AKRON, Ohio (AP) - Goodyear Tire & Rubber Co. on Friday announced more cost cutting measures, including plant closures, that helped boost its shares to their highest in a year.
The nation's largest tire maker also reported that it swung to a first-quarter loss, due to continuing costs from a settled strike and lower sales in North America.
Goodyear spokesman Keith Price said the company will close more plants, but it has not identified which ones, how many or where. The company is closing a tire plant in Tyler, Texas, by the end of the year, but that is considered part of previously announced reductions, Price said.
The company said it lost $174 million, or 96 cents per share, in the quarter that ended March 31, compared with income of $74 million, or 37 cents per share, in the year ago period.
Shares of Goodyear closed up $1.91, or 5.9 percent, at $34.41, after hitting a new 52-week high of $35 earlier Friday on the New York Stock Exchange.
Goodyear's stock has soared since July, more than tripling to a recent seven-year high.

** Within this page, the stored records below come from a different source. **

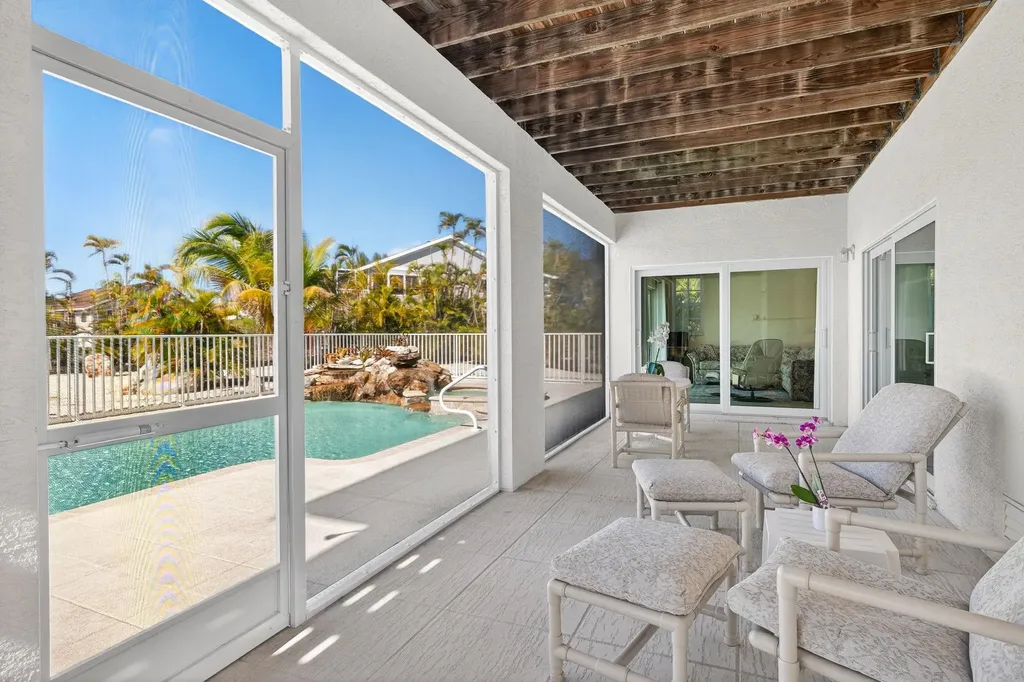 517 Lake Murex Circle Sanibel FL 33957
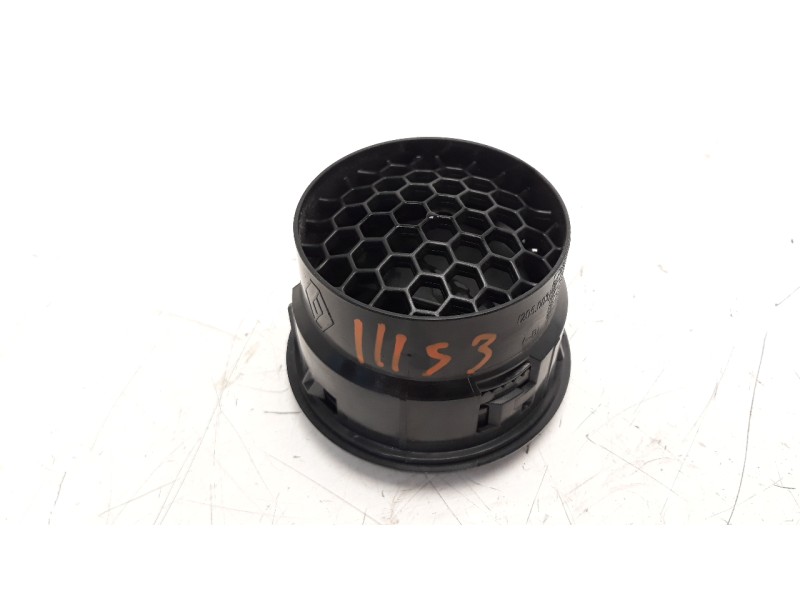 Recambio de rejilla aireadora para dacia sandero 0.9 tce cat referencia OEM IAM 687607797R  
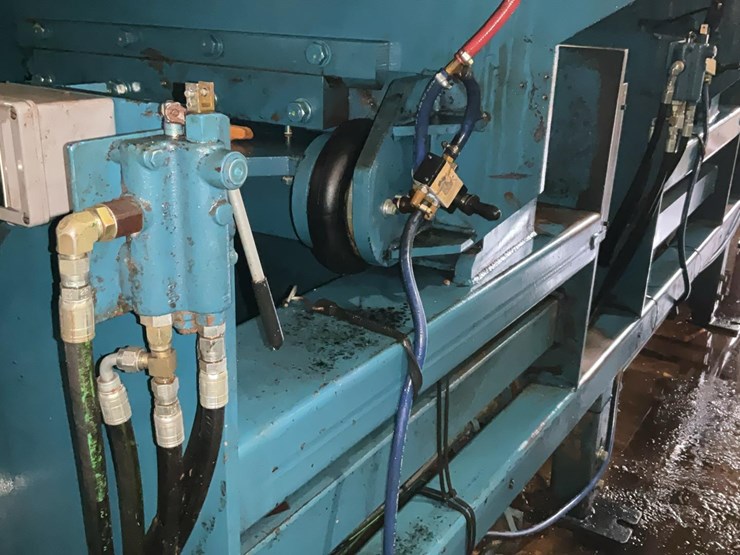 #170-•-2010-brewer-3-head-resaw-image-34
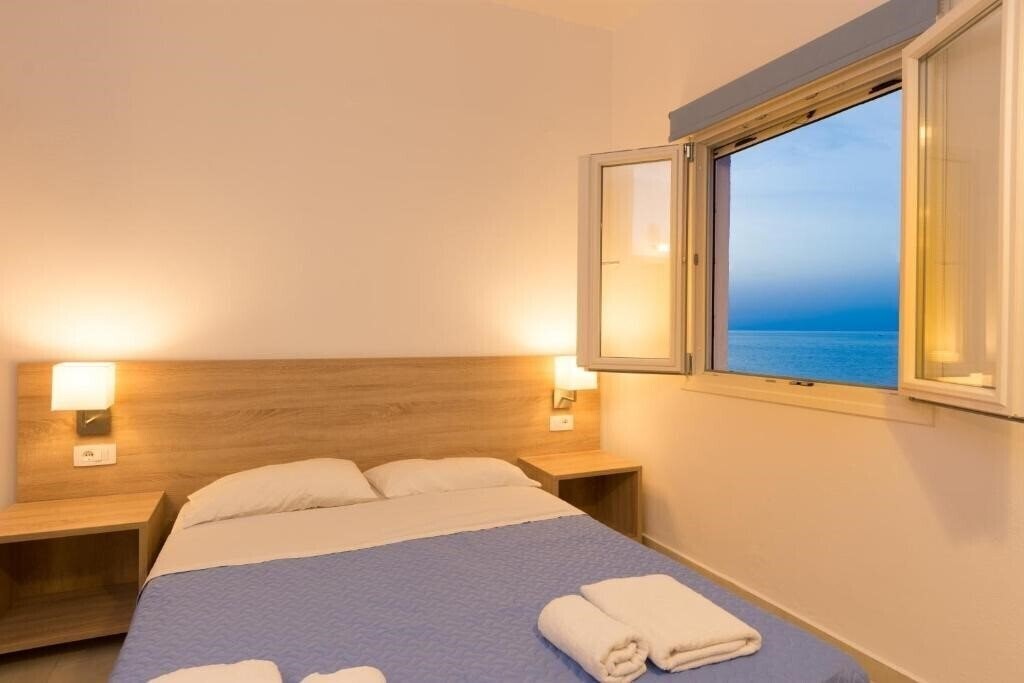 Готель Socrates Apartments & Restaurant 3*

Historically the stock was as high as $76.75 in 1998.
The surge followed Goodyear's decision to focus on higher-priced tires and end its lower profit private-label tire businesses, while cutting costs companywide.
Robert J. Keegan, chairman and chief executive officer, said Goodyear already has reduced annual production by 21 million tires, but wants to increase that figure to 25 million, saving the company $150 million by 2009.
The company needs to close plants to reach that goal.
'Additional savings are possible to the extent that production from the closed plants are transferred to existing facilities and/or are moved to low-cost countries,' Keegan said.
The company had first-quarter sales of $4.5 billion, up slightly from the $4.46 billion in the first three months of 2006.
When excluding special charges for the strike's effect, salaried benefit plans and other items, Goodyear said earnings for continuing operations were 11 cents per share.
The average estimate of analysts in a Thomson Financial survey was a loss of 2 cents per share. But the individual estimates ranged from 25 cents to minus 34 cents.
Goodyear still is feeling some effect of the three-month strike of Steelworkers late last year at North American tire plants. The company pegged the cost for the quarter at $34 million.
However, the company said production was restored ahead of schedule after the strike.
'Our focus on speed and the pace of change at Goodyear is having a meaningful impact,' Keegan said.
Goodyear reduced the estimated full-year impact of the strike to $100 million to $120 million, down from the previous estimate of $200 million to $230 million.
North American Tire sales were down 10 percent from the 2006 period, primarily due to reduced volume resulting from the strike and the exit from parts of the private-label tire business.
Goodyear also revised previously announced plans to reduce costs by more than $1 billion by the end of 2008. The new cost savings goal is $1.8 billion to $2 billion through 2009.